20 Okt. Der Unterschied zwischen Wildpflanzen und Kulturpflanzen

Einst prägten Wildblumen und Wildgräser unsere Landschaften. Über Wiesen, Felder und Wegränder hinweg erstreckten sich farbenfrohe Teppiche aus Wildpflanzen, die nicht nur schön anzusehen waren, sondern auch die Grundlage eines reichen ökologischen Netzwerks bildeten. Vor etwa hundert Jahren waren diese natürlichen Wiesen und blühenden Ackerränder noch ganz selbstverständlich Teil unserer Umgebung. Doch im Zuge der intensiven Landwirtschaft und der Urbanisierung verschwanden sie Stück für Stück, und mit ihnen die Vielfalt, die sie mit sich brachten.
Heute sind Kulturpflanzen auf vielen Feldern zu finden – Pflanzen, die speziell gezüchtet wurden, um bestimmte Eigenschaften zu erfüllen. Sie wachsen z.B. schneller, tragen größere und einheitliche Früchte oder sind resistent gegen Schädlinge.
Doch oft fehlt ihnen das, was die Wildpflanzen so wertvoll macht: die genetische Vielfalt und damit die Fähigkeit, sich immer weiter an ihre Umgebung anzupassen. Wildpflanzen sind nicht das Produkt gezielter Züchtung, sondern das Ergebnis eines natürlichen Anpassungsprozesses, der über Jahrtausende stattgefunden hat. Diese Pflanzen sind genetisch so vielfältig, dass sie in der Lage sind, sich von Generation zu Generation an ihre Umgebung, den Standort und das Klima anzupassen. So können sie z.B. sowohl mit einem extrem heissen Sommer als auch mit einem extrem feuchten Sommer umgehen. Sie tragen zur Stabilität der Ökosysteme bei, denn sie gedeihen in ihren angestammten Lebensräumen, ohne intensive Pflege oder chemische Mittel.
Kulturpflanzen, besonders sogenannte Hybridpflanzen, sind das Ergebnis gezielter Kreuzungen. Diese Züchtungen kombinieren die Eigenschaften zweier unterschiedlicher Elternpflanzen, um gewünschte Merkmale wie Ertrag oder Widerstandsfähigkeit zu maximieren.
Hybridpflanzen mögen auf den ersten Blick vorteilhaft erscheinen, doch sie haben einen großen Nachteil: Sie können sich in der Regel nicht selbst vermehren. Die Samen der Hybridpflanzen tragen nicht die gleichen Eigenschaften wie die Elternpflanze in sich, weshalb sie für die nächste Aussaat nicht geeignet sind. Das bedeutet, dass LandwirtInnen oder GärtnerInnen jedes Jahr neues Saatgut kaufen müssen. Diese Abhängigkeit von wenigen großen Saatgutproduzenten führt dazu, dass die Vielfalt auf den Feldern schwindet und die Kontrolle über die Nahrungsmittelproduktion mittlerweile in den Händen weniger globaler Konzerne liegt.
Ein weiterer entscheidender Unterschied liegt in ihrer Rolle für das lokale Ökosystem: Heimische Insekten sind auf heimische Wildpflanzen angewiesen. Die Evolution hat über Jahrtausende ein feines Netzwerk zwischen Pflanzen und Tieren geknüpft. Viele heimische Bestäuberinsekten sind spezialisiert auf ganz bestimmte heimische Blütenpflanzen. Geht die Wildpflanzenvielfalt verloren, verlieren auch die Insekten ihre Lebensgrundlage. Und mit den Insekten wiederum schrumpft auch die Nahrungsgrundlage für viele Vögel und andere Tiere.
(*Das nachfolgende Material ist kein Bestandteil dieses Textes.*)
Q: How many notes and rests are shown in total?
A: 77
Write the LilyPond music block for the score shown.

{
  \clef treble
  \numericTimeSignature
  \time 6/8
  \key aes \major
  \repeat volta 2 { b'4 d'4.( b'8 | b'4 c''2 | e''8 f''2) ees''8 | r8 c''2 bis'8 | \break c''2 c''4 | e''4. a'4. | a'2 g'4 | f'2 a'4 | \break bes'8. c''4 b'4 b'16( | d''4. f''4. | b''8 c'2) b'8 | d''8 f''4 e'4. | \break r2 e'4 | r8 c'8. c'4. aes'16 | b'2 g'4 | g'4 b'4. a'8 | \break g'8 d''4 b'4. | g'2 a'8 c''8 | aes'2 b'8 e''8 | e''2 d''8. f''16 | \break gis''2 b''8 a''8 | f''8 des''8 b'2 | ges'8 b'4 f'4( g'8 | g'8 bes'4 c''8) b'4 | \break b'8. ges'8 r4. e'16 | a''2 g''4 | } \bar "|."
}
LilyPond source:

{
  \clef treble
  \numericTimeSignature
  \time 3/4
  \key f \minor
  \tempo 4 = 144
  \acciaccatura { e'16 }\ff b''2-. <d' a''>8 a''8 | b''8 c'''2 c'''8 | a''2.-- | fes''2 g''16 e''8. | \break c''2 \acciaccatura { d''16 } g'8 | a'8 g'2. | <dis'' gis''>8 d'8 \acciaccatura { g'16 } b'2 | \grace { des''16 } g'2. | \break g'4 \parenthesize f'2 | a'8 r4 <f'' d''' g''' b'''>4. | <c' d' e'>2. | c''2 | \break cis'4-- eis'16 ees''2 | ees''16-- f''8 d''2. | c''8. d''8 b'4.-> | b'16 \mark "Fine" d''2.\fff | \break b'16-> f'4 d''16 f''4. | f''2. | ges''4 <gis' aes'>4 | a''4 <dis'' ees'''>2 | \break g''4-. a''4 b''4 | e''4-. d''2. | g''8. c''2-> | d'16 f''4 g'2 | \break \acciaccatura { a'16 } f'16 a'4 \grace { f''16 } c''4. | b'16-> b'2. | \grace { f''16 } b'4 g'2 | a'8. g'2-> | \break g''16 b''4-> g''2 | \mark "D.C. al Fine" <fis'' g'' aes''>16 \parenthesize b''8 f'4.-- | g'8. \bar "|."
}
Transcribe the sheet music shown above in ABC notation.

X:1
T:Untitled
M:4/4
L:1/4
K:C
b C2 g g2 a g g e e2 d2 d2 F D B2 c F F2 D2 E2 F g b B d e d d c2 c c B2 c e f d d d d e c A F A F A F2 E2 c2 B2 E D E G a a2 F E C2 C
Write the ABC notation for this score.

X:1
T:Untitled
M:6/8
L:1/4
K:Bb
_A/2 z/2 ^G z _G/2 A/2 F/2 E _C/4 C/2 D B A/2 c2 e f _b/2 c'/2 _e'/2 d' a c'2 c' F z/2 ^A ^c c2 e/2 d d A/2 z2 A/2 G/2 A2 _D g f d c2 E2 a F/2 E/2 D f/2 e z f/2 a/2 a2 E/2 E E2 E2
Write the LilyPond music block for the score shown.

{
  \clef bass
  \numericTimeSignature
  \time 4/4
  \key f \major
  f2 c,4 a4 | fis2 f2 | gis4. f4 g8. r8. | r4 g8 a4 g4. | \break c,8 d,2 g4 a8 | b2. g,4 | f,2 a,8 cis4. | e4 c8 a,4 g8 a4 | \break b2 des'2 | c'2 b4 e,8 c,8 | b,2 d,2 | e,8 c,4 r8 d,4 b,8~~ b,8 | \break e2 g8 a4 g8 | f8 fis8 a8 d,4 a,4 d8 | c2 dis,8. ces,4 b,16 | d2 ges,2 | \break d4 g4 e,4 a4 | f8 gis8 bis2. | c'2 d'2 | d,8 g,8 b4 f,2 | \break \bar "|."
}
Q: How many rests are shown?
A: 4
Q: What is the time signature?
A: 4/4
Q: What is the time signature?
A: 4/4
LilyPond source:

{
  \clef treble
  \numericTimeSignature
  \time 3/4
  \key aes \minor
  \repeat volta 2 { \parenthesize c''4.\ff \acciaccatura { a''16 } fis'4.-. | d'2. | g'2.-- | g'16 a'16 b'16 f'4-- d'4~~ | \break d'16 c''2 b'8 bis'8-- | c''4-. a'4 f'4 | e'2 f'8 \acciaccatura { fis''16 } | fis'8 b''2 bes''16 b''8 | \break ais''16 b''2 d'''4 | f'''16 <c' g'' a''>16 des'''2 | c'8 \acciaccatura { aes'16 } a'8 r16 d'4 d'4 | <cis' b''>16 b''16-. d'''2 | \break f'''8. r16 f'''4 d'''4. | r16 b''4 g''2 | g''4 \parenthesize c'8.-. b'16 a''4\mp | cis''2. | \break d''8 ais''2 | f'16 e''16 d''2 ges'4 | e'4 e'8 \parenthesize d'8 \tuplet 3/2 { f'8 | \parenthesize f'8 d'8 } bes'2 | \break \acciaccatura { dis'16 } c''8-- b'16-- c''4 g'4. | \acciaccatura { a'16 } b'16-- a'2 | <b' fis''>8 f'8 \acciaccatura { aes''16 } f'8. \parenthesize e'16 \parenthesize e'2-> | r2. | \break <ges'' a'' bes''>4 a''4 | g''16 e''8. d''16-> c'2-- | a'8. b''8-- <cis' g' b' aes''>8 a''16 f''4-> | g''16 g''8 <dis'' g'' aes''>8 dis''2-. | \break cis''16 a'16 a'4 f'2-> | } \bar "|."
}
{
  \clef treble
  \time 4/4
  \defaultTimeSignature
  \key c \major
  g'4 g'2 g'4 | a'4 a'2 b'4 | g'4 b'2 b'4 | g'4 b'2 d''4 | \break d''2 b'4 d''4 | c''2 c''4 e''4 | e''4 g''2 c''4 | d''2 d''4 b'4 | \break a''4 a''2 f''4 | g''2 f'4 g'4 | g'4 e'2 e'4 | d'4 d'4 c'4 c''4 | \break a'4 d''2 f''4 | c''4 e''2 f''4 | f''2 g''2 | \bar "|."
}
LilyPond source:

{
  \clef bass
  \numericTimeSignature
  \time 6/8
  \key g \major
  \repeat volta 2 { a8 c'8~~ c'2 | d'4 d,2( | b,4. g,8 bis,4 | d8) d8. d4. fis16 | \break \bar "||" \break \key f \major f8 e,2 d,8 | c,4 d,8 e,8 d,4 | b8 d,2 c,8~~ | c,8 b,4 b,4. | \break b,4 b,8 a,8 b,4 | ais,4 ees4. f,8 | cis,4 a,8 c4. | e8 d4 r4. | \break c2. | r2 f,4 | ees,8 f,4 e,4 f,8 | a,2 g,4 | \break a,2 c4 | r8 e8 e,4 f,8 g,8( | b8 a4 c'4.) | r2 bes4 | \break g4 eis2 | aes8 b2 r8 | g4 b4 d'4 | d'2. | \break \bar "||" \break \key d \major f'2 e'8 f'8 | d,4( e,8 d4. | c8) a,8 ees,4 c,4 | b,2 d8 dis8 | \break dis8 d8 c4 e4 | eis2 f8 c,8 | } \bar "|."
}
Heute steht nicht nur die Pflanzenvielfalt auf dem Spiel, sondern das gesamte Netzwerk aus Pflanzen, Tieren und Böden. Die Rückkehr von Wildpflanzen in unsere Gärten und auf unsere Felder wäre ein erster Schritt, um diese verloren gegangene Balance wiederherzustellen. Denn Wildpflanzen sind nicht nur ästhetisch ansprechend – sie sind ein wichtiger Teil des ökologischen Gleichgewichts, das wir schützen müssen.
Ein Naturgarten mit Wildpflanzen, ob auf dem Balkon, im Hinterhof oder im Garten, trägt nicht nur dazu bei, diese Vielfalt zurückzubringen. Er schafft auch einen Lebensraum für Insekten, Vögel und viele andere Tiere, die auf diese Pflanzen angewiesen sind. So kann jeder von uns einen kleinen Beitrag dazu leisten, die natürlichen Netzwerke zu bewahren, die seit Jahrhunderten das Fundament unseres Lebens sind.
Seeds of Europe
Sommer 2023: Zwei junge Filmemacher begeben sich auf eine Reise durch Europa, um bei Saatgutherstellern vor Ort zu erfahren, wie entscheidend es ist, die Vielfalt unserer Samen zu bewahren. In dieser berührenden Kurz-Dokumentation kommen die kleinen, oft übersehenen Saatguthersteller und Sammler aus verschiedenen europäischen Ländern zu Wort. Die eindrucksvollen Aufnahmen aus Irland, Luxemburg, Frankreich, Italien, Österreich und der Tschechischen Republik verleihen dem Film eine ganz besondere visuelle Note.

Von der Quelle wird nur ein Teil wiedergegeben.